## WHAT YOU SHOULD DO
Pull each line containing "number" out of the data and copy it.

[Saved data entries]
● ● ●
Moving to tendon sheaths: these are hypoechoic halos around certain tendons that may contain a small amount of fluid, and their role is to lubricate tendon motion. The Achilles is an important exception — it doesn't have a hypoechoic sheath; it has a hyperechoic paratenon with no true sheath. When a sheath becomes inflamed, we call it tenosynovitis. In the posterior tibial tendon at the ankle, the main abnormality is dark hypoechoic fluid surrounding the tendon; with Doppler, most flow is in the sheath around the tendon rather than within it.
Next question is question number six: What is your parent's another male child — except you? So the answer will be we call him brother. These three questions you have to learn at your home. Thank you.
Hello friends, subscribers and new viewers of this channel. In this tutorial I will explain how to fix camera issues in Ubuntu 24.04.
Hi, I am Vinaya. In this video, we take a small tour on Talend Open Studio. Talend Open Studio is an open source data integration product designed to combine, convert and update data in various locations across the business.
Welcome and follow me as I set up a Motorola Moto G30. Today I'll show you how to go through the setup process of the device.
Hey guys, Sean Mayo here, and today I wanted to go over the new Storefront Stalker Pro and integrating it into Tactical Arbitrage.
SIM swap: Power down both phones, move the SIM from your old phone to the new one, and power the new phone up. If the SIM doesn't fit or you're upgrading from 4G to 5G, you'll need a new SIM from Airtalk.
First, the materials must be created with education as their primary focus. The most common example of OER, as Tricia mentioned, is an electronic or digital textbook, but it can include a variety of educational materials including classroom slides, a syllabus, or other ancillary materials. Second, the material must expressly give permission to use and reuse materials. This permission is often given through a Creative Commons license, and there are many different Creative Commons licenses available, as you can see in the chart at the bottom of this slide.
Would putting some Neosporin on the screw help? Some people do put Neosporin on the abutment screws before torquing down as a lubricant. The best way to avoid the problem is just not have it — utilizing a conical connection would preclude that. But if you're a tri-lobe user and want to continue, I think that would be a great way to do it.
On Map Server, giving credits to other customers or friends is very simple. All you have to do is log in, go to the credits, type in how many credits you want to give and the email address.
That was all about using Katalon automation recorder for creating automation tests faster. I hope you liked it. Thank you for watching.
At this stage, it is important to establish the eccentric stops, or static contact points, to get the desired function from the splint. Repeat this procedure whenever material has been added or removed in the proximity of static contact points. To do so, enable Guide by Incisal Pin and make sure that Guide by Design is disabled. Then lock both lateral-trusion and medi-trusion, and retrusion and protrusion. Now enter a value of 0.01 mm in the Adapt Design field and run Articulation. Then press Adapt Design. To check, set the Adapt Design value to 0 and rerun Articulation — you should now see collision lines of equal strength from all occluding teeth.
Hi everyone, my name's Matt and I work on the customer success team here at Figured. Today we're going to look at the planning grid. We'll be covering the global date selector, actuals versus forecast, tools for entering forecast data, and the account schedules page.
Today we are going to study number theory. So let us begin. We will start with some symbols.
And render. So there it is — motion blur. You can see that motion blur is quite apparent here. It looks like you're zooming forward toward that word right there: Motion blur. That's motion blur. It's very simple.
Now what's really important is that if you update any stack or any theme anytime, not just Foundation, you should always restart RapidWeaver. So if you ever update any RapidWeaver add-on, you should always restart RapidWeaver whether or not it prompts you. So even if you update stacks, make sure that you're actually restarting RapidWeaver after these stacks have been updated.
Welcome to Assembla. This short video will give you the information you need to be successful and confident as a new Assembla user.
● ● ●
## EXERCISE RESULT
Next question is question number six: What is your parent's another male child — except you? So the answer will be we call him brother. These three questions you have to learn at your home. Thank you.
Today we are going to study number theory. So let us begin. We will start with some symbols.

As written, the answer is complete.